I temi, dicevo, ci sono – o ci sarebbero, fate voi. Ed è anche interessante il modo in cui si spazia tra argomenti differenti trovandovi poi un punto d’incontro. La condizione degli anziani lasciati in solitudine, che spesso magari affogano il proprio malessere emotivo nel vizio del gioco nell’effimera speranza di un successo economico che dovrebbe cambiargli la vita ma in realtà non arriverà mai, di fatto rovinandogliela ulteriormente. Una vera e propria piaga sociale, non so se vi è mai capitato di entrare in quei posti in cui si giocano concorsi con vincite istantanee, sempre pieni di giocatori (spesso anziani) dallo sguardo perso nello schermo come fossero zombie che se foste nudi manco ci farebbero caso. E ancora, il sempreverde (e spesso abusato) concetto dei soldi che non fanno la felicità. O ancora, la speculazione edilizia puntualmente pronta a schiacciare il debole nell’interesse del più forte. Per arrivare ad una conclusione speranzosa affidata ad un messaggio sull’importanza della comunità, il senso dell’unione, l’unità di intenti, carburante di una resistenza sociale che non bisognerebbe mai abbandonare.

La regia della Guerrero è discretamente curata, offre il meglio nelle sequenze di morte che, attraverso cari effetti vecchia maniera, offrono piacevoli momenti di disgusto che sfociano nel body horror.

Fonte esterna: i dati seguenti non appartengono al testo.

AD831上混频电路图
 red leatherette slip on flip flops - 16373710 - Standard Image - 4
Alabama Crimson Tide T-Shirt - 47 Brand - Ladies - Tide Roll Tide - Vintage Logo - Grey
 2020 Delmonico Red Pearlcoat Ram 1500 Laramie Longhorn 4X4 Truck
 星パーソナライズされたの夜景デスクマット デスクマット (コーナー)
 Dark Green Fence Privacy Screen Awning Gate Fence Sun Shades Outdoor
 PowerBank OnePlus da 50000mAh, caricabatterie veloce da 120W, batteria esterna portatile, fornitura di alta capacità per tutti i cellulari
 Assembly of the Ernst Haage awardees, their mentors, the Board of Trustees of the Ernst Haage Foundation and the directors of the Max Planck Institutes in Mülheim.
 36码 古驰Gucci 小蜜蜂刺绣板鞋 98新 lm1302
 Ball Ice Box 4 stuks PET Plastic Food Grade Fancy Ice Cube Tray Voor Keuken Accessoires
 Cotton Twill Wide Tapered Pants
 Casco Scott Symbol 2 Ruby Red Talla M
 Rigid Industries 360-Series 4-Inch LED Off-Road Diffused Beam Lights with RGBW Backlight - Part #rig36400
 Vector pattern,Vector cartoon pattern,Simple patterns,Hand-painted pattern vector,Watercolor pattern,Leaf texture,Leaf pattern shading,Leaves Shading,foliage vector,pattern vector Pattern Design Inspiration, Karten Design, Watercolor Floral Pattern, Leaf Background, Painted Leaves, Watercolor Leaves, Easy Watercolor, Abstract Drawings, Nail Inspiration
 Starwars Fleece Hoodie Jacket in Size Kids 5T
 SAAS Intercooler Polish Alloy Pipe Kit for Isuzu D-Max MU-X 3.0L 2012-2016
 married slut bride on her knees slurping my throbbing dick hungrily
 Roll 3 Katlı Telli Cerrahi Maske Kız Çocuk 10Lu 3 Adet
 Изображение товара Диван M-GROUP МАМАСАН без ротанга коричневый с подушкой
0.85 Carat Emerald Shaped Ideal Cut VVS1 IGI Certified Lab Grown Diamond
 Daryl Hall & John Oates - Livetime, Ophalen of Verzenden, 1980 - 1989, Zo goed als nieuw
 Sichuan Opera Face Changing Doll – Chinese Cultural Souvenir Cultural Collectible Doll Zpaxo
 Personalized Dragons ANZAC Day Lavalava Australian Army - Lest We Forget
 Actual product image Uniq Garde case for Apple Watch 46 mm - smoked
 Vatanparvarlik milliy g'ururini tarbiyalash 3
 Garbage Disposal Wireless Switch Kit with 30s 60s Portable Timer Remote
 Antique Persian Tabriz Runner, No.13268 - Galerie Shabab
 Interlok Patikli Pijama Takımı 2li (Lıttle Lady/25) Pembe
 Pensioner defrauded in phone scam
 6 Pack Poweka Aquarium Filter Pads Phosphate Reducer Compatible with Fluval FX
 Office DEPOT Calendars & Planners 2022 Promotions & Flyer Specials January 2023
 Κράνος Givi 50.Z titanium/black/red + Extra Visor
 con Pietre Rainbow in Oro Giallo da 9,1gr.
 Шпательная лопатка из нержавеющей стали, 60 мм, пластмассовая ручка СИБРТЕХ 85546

Persone scarnificate, mani tranciate, sangue denso e copioso, sostanze appiccicose non propriamente identificate. Un merito che però accentua un torto. Le morti sono poche, la quota horror non raggiunge abbastanza punti, non tanti quanto sarebbe lecito attendersi da un progetto che include Blumhouse addirittura nel titolo. Lo stesso discorso si può estendere a Mr. Big, ha il volto azzeccatissimo di un Richard Brake che probabilmente non deve ricorrere neanche a chissà quale make-up e che il ruolo lo porta a casa a occhi chiusi, peccato solo che tolto qualche discorso da sinistro imbonitore ed una dentatura igienicamente discutibile, non abbia quel tratteggio incisivo che ci si aspetterebbe da una figura a conti fatti demoniaca.

In definitiva, Bingo Hell si conferma un’altra occasione sprecata di queste serie antologiche targate Blumhouse. Un insieme di interessanti potenzialità contenutistiche vanificate da un meccanismo narrativo che si dimentica di arrivare al dunque, specie dal punto di vista orrorifico che dal canto suo fa pregustare momenti di sangue e disgusto senza poi calcare la mano come avrebbe dovuto.

Francesco Chello

PRO CONTRO
  • La presenza di un ventaglio di argomenti, anche diversi tra loro, di interesse sociale.
  • Le (poche) scene di morte hanno il giusto impatto di sangue e disgusto.
  • Meccanismo narrativo inefficace.
  • Lo spunto orrorifico non segue un percorso, nasce e muore senza il giusto approfondimento.
  • Le scene di morte sono, appunto, poche.